Work order: Below are several entries. Transcribe exactly those lines that fall from the one with "49 GIOTTO CRESCENT, Vaughan, Ontario L6A 3N8" through the one with "72 Edgewood Road", end lines included.

Data provided:

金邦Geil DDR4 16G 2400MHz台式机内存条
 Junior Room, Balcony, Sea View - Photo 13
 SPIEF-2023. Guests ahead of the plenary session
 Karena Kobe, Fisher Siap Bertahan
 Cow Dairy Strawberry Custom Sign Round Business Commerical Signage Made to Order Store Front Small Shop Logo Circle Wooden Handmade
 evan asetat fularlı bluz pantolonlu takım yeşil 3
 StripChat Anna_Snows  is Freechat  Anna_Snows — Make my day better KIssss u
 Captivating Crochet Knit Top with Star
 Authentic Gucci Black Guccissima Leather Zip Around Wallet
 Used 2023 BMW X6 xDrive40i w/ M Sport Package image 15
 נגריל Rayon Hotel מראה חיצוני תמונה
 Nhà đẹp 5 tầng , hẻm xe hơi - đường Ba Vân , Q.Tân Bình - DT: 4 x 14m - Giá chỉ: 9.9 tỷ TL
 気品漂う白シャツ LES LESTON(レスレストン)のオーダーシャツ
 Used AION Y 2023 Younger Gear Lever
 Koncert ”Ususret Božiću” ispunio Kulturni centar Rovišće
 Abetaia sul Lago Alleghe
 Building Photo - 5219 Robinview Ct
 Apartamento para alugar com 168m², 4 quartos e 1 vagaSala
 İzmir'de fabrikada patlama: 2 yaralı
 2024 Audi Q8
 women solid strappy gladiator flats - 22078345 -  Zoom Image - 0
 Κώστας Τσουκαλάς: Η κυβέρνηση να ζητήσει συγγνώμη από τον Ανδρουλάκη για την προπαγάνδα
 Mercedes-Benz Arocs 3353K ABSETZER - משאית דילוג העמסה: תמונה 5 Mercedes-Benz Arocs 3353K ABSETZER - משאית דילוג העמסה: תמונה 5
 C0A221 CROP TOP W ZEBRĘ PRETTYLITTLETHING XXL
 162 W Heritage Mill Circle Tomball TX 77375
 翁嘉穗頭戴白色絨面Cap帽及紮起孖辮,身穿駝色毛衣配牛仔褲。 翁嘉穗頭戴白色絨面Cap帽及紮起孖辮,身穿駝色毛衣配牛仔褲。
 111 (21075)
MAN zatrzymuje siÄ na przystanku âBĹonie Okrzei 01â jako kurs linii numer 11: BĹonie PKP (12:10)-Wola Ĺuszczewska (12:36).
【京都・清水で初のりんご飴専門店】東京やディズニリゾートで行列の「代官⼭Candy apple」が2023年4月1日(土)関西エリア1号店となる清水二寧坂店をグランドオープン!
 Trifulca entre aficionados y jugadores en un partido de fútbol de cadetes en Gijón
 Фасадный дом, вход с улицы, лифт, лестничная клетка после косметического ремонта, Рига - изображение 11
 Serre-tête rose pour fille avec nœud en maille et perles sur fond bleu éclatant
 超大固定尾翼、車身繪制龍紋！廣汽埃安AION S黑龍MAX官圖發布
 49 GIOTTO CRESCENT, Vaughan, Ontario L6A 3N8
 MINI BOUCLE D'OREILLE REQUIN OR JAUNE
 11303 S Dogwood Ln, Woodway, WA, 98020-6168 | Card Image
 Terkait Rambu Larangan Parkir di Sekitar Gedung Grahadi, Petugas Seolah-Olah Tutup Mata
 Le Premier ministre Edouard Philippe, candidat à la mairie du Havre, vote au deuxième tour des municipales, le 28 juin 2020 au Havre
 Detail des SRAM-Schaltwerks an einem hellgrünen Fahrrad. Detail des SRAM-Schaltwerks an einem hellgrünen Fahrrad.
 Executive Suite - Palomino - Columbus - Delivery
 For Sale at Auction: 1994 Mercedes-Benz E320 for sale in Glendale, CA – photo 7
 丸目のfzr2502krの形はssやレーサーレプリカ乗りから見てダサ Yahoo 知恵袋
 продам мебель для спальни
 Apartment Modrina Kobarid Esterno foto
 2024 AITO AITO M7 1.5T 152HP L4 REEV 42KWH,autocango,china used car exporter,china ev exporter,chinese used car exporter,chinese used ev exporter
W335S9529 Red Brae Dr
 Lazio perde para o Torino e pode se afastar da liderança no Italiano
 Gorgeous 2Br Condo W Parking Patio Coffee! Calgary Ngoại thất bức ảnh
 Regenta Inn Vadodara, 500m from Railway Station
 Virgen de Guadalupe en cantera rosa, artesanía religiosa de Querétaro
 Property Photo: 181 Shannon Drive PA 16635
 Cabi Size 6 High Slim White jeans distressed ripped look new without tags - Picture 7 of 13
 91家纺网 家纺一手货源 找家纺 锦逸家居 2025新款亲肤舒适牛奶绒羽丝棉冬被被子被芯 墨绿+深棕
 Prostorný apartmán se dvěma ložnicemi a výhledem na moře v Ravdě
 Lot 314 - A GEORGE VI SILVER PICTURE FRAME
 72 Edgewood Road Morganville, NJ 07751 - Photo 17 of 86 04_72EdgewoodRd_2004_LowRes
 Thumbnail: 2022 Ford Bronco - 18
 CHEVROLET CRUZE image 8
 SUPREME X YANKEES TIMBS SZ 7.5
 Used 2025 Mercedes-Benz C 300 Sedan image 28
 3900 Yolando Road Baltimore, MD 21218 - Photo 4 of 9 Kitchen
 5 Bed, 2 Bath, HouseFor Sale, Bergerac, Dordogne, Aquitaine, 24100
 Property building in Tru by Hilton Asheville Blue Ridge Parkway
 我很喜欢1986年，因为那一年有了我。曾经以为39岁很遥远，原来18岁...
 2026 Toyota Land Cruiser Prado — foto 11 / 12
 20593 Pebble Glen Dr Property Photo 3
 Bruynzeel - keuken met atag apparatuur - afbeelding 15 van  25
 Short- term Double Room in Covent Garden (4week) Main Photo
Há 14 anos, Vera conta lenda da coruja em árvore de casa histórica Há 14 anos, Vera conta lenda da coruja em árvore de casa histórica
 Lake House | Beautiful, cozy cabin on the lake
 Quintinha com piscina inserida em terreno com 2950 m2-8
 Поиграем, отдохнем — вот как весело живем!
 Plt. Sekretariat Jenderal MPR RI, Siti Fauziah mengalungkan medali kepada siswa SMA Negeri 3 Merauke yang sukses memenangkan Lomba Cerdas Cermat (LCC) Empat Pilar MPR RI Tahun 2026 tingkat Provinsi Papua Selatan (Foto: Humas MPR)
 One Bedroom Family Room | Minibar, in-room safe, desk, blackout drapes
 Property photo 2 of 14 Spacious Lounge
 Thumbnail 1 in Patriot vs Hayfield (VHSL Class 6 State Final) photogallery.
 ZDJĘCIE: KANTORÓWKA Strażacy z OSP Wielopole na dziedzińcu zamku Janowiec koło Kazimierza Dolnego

Written response:
 49 GIOTTO CRESCENT, Vaughan, Ontario L6A 3N8
 MINI BOUCLE D'OREILLE REQUIN OR JAUNE
 11303 S Dogwood Ln, Woodway, WA, 98020-6168 | Card Image
 Terkait Rambu Larangan Parkir di Sekitar Gedung Grahadi, Petugas Seolah-Olah Tutup Mata
 Le Premier ministre Edouard Philippe, candidat à la mairie du Havre, vote au deuxième tour des municipales, le 28 juin 2020 au Havre
 Detail des SRAM-Schaltwerks an einem hellgrünen Fahrrad. Detail des SRAM-Schaltwerks an einem hellgrünen Fahrrad.
 Executive Suite - Palomino - Columbus - Delivery
 For Sale at Auction: 1994 Mercedes-Benz E320 for sale in Glendale, CA – photo 7
 丸目のfzr2502krの形はssやレーサーレプリカ乗りから見てダサ Yahoo 知恵袋
 продам мебель для спальни
 Apartment Modrina Kobarid Esterno foto
 2024 AITO AITO M7 1.5T 152HP L4 REEV 42KWH,autocango,china used car exporter,china ev exporter,chinese used car exporter,chinese used ev exporter
W335S9529 Red Brae Dr
 Lazio perde para o Torino e pode se afastar da liderança no Italiano
 Gorgeous 2Br Condo W Parking Patio Coffee! Calgary Ngoại thất bức ảnh
 Regenta Inn Vadodara, 500m from Railway Station
 Virgen de Guadalupe en cantera rosa, artesanía religiosa de Querétaro
 Property Photo: 181 Shannon Drive PA 16635
 Cabi Size 6 High Slim White jeans distressed ripped look new without tags - Picture 7 of 13
 91家纺网 家纺一手货源 找家纺 锦逸家居 2025新款亲肤舒适牛奶绒羽丝棉冬被被子被芯 墨绿+深棕
 Prostorný apartmán se dvěma ložnicemi a výhledem na moře v Ravdě
 Lot 314 - A GEORGE VI SILVER PICTURE FRAME
 72 Edgewood Road Morganville, NJ 07751 - Photo 17 of 86 04_72EdgewoodRd_2004_LowRes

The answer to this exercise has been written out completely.